わたしがわたし自身を見失うような日々が続いていました。
付き合っていない男の人と、体の関係を持ってしまったから。

こういうことがわたしの人生にも起こるのだ、という驚きと、浮遊感と、誤魔化せないドロドロとした感情と。
この1か月ほど、自分自身の性欲と寂しさとやり場のない人生への焦りのようなものがべったりと自分に張り付いて、心休まるときがなかった。
荒れていく食生活と減っていく睡眠時間。

でも、今朝、やっとすこし拓けた場所に来たような気がした。
心の凪を取り戻した感覚。

正直、相手がわたしのことをどのように捉えているのか、まだ掴めないでいる。
ただの都合のいい関係で、いつか捨てようと思っているのか、それとも真剣に交際する気があるのか。

そういう話し合いがないままに、だけど、離れたくないと思ってしまう。

わたしはお付き合いしたいけれど、その思いが恋愛感情によるものだけではないこともわかっている。
そのところもきちんと認めたうえで、それでもわたしはその人に関わりたい。

人と関わることは、傷つくことと、傷つけることと同義だと、わたしは思う。
人と関われないのは、傷つける勇気がないから。
傷つけたくないのは、傷つきたくないから。

でも、そうやって閉ざしてしまった世界のなかで、果てしなく変わらない景色をわたし一人で見続けることに、わたしは飽きてしまっていたし、疲れてもいた。

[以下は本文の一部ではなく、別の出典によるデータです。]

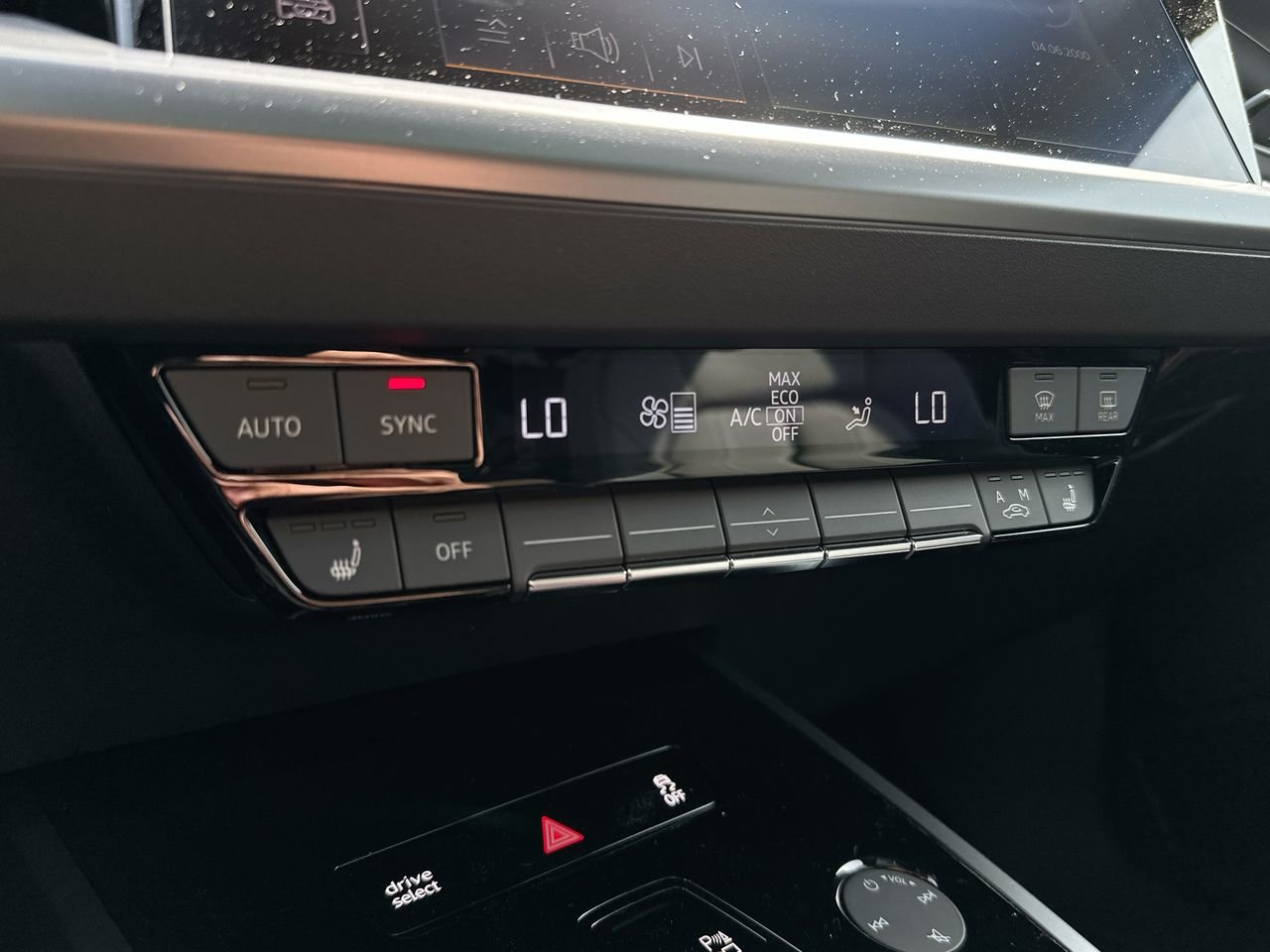 2025 Audi Q4 e-tron 55, Vancouver, Cash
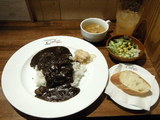 カルヴォ特製エビカレー950円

誰かと一緒に世界を眺めることを本当はずっと望んでいた。
偶然出会った人だった。
その偶然が偶然すぎて、この流れに身を任せてみてもいいんじゃないかと、そう思った。

でも、この1か月、こんなの間違っているよねと何度も何度も思ったし、そして何度も何度も、間違っていてもいいから知らない景色を見たいんだと思った。

そして甘い気持ちになって、そしてとても苦しかった。

わたしからわたしが、抜けているような感覚になることがあって、それはきっとわたしのなかから「これまでのわたし」が抜けていってしまった感覚なのだろうなと思う。
一歩踏み出すということは、良くも悪くもこういう気持ちを連れてくるのだと知った。

世界が新しい。でも同時に、何も変わってなどいない。

つらくて、苦しくて、もう駄目かも、このままじゃわたしが駄目になる、と思った昨日、思い切って相手の連絡先を消した。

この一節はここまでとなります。